VLCADD occurs when an enzyme, called “very long chain acyl-CoA dehydrogenase” (VLCAD) is either missing or not working properly. This enzyme’s job is to break down certain fats from the food we eat into energy. It also breaks down fat already stored in the body. Energy from fat keeps us going whenever our bodies run low of their main source of energy, a type of sugar called glucose. Our bodies rely on fat when we don’t eat for a stretch of time – like when we miss a meal or when we sleep. When the VLCADD enzyme is missing or not working, the body cannot break down fat for energy and must rely solely on glucose. Although glucose is a good source of energy, there is a limited amount available. Once the glucose has been used up, the body tries to use fat without success. This leads to low blood sugar, called hypoglycemia, and to the build up of harmful substances in the blood. ( website)
It is a genetic disorder, so the mother and father must both be a carrier or one of them has the disorder. This also means that every child we have has the possibility of having VLCADD.
Diet and Lifestyle
As a baby, Benaiah’s diet is pretty much like everyone else. Up until he was 6 months old, he was exclusively breastfed. He had to eat every 4 hours so that meant even at night we had to wake him up to feed him.
Now at 9 and a half months, he is trying table foods and still has breast milk 5 times a day. He cant go longer than 5 hours without eating and he is limited to only 5 fat grams from food per day.
When Benaiah turns 1, he can go 6 hours between feedings and his fat intake will depend on his weight. He won’t be able to have whole milk, it will have to be 2% or maybe 1%, because of the fat content. His body can break down medium chain fats which typically aren’t in foods. So because of that, we will have to give him MCT oil (probably in his milk) and that’s where about 60% of his daily fat will come from.
(Have I confused you yet? Trust me, it’s a lot of information and I’m STILL trying to figure it all out!)
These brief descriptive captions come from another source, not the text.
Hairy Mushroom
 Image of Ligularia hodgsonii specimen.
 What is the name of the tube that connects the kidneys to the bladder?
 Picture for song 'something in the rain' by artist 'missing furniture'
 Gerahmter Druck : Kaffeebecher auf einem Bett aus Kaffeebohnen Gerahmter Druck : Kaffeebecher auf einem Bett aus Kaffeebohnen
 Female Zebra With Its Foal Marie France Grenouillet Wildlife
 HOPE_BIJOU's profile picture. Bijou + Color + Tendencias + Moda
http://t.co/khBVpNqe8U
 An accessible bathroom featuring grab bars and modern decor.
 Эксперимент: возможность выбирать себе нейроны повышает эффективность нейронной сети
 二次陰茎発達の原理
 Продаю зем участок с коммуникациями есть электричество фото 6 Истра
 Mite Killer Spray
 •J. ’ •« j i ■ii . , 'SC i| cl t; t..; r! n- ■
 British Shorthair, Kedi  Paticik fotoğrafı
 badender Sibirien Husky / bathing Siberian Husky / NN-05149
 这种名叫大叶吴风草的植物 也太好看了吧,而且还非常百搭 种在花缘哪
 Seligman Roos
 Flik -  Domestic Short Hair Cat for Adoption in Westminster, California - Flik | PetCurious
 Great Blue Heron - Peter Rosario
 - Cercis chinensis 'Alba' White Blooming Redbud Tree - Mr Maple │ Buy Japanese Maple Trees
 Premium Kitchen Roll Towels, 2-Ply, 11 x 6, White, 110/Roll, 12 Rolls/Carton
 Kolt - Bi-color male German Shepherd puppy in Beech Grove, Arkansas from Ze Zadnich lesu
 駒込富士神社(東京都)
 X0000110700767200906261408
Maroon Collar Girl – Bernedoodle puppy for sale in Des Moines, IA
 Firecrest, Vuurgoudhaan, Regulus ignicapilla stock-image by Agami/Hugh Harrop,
As Benaiah grows, his fat intake will increase as well as time between feedings. However, he will never be able to fast or go a long period of time without food. If he decides to do sports or other physical activities, we will have to take even more precautions than usual. (Thankfully we will have at least a few years until we get to that point! 🙂 )
Benaiah has a unique case of VLCADD. Doctors have done multiple tests and they have all come back without a definite diagnosis. However, our geneticist believes that Benaiah is either a carrier OR has a mild case of VLCADD. Because of this, his diet restrictions aren’t as extreme as kids or adults that have a severe case. For that, we are extremely thankful (and always blessed)!!
Benaiah also has an emergency protocol if he were to become sick, start vomiting or refuse to eat. Basically we would have to take him straight to the ER so they can monitor everything and make sure he has enough fluids.
With our child having VLCADD, it’s hard to not think about the scary things that could happen. However, I am constantly reminded that the Lord is sovereign and He is in control of everything, for which I am so grateful for! God has blessed us with the most precious boy in the entire world and we know he has VLCADD for a reason. I’m hopeful that doctors will one day have another test we can take to determine either “yes he does had VLCADD” or “no he doesn’t”. Until then, I’m going to continue to share our story!